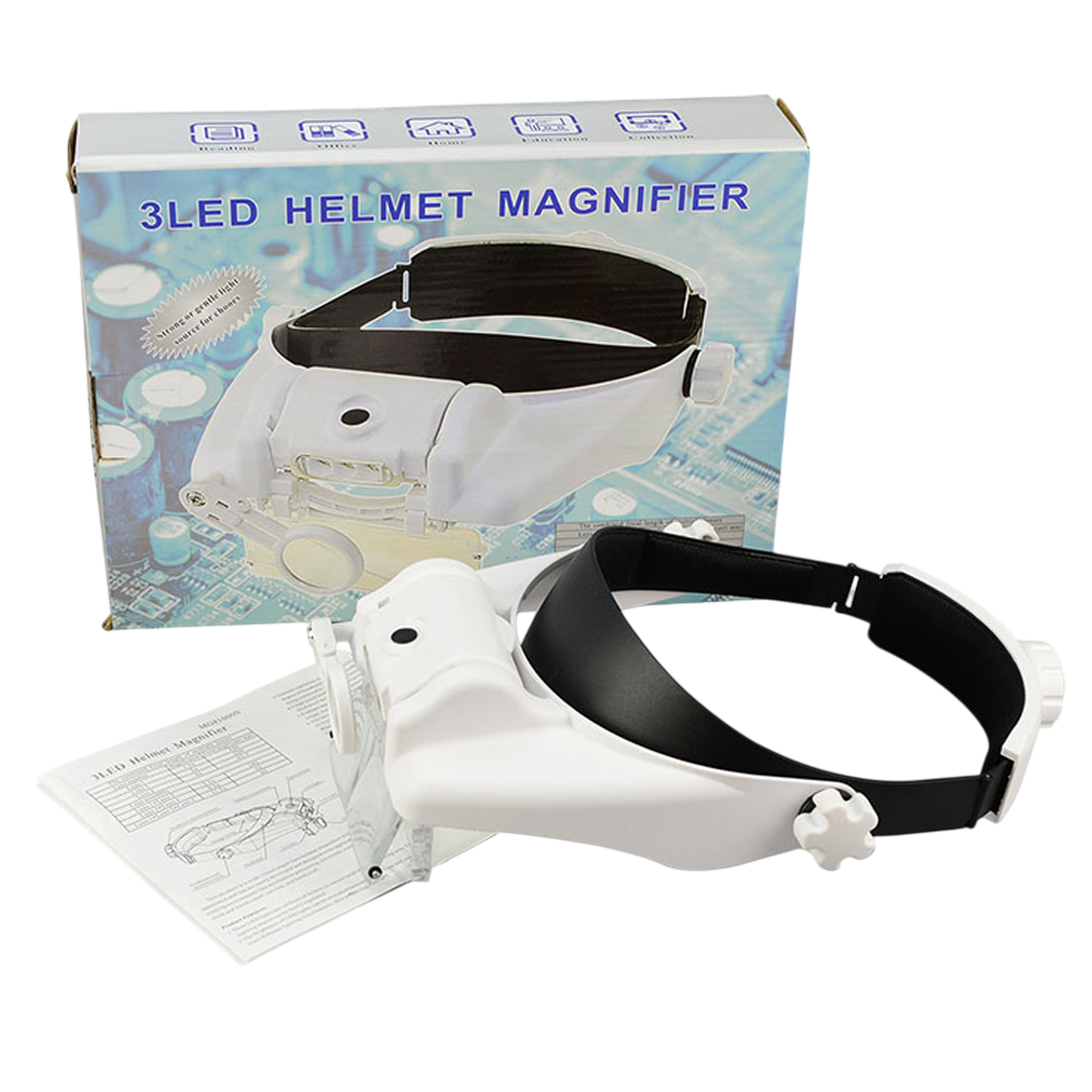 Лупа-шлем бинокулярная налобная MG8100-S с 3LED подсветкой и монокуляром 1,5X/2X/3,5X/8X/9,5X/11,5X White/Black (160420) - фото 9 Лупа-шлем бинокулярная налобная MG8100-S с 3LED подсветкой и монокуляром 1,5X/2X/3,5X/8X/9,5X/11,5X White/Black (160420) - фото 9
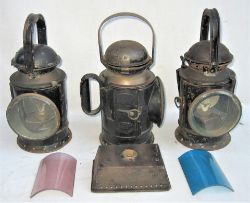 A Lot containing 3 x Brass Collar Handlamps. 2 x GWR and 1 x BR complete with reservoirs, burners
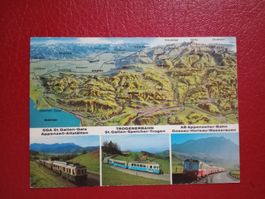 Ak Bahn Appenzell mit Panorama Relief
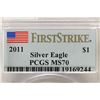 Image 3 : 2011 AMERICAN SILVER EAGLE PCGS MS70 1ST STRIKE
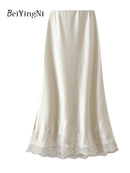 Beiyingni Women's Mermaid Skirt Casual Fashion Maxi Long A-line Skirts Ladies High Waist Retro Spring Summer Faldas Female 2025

* * *

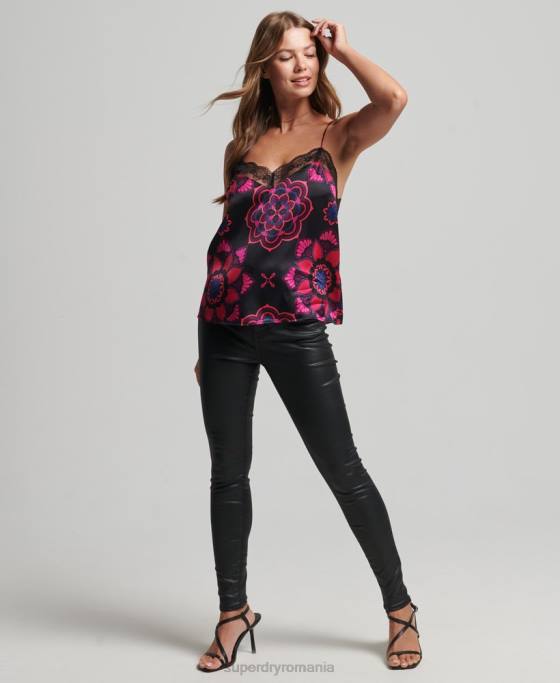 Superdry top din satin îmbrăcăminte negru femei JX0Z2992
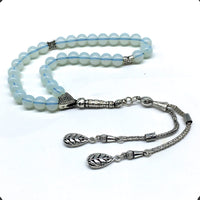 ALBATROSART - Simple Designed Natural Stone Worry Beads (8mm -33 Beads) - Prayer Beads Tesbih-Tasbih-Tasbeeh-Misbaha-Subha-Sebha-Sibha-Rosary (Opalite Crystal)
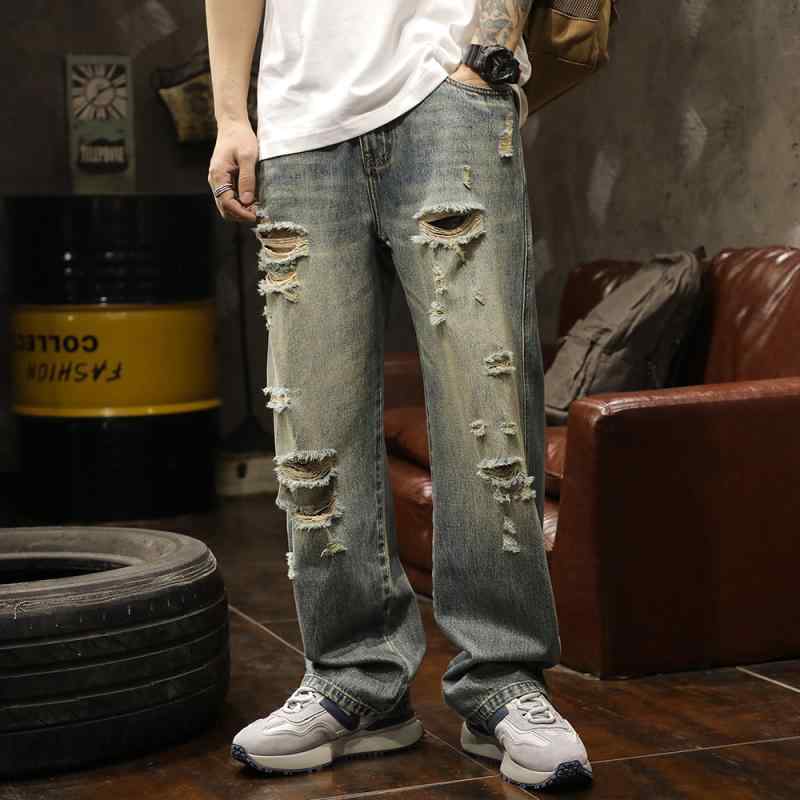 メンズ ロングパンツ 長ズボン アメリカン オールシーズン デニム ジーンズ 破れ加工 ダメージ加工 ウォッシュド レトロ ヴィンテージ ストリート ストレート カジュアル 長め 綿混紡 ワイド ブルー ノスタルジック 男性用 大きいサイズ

--

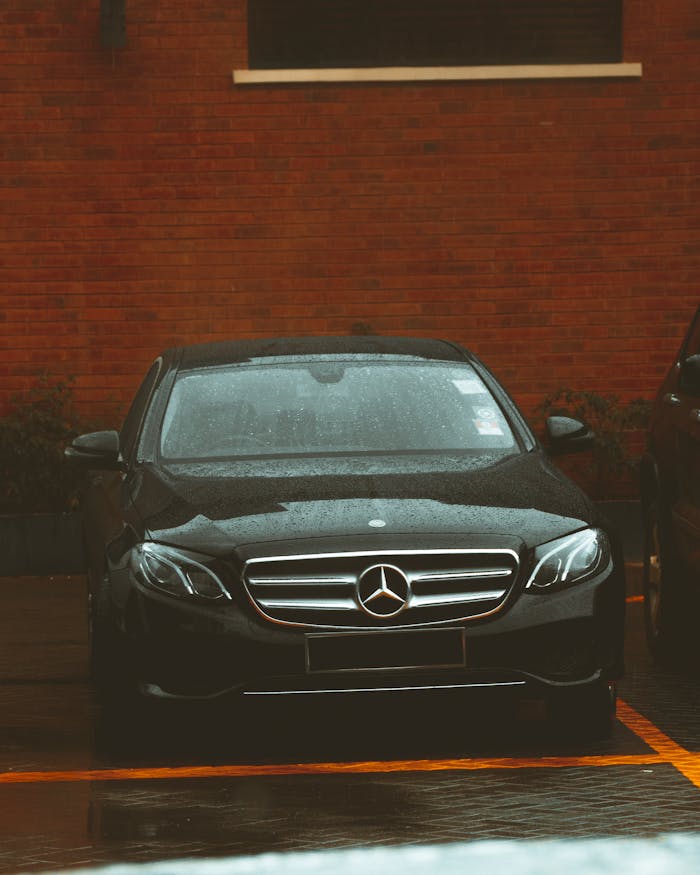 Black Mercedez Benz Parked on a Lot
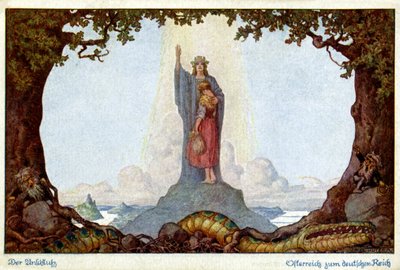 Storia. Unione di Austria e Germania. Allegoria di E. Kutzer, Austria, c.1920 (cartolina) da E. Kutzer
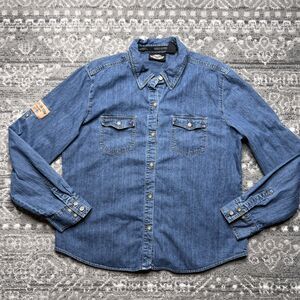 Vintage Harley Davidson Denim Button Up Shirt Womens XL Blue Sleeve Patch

PROBLEM DESCRIPTION
Please transcribe exactly the part of the records that opens with the line containing "Superdry top din" and closes with the line containing "メンズ ロングパンツ 長ズボン", both ends included, and leave out the pictures.

TASK RESPONSE
 Superdry top din satin îmbrăcăminte negru femei JX0Z2992
 ALBATROSART - Simple Designed Natural Stone Worry Beads (8mm -33 Beads) - Prayer Beads Tesbih-Tasbih-Tasbeeh-Misbaha-Subha-Sebha-Sibha-Rosary (Opalite Crystal)
 メンズ ロングパンツ 長ズボン アメリカン オールシーズン デニム ジーンズ 破れ加工 ダメージ加工 ウォッシュド レトロ ヴィンテージ ストリート ストレート カジュアル 長め 綿混紡 ワイド ブルー ノスタルジック 男性用 大きいサイズ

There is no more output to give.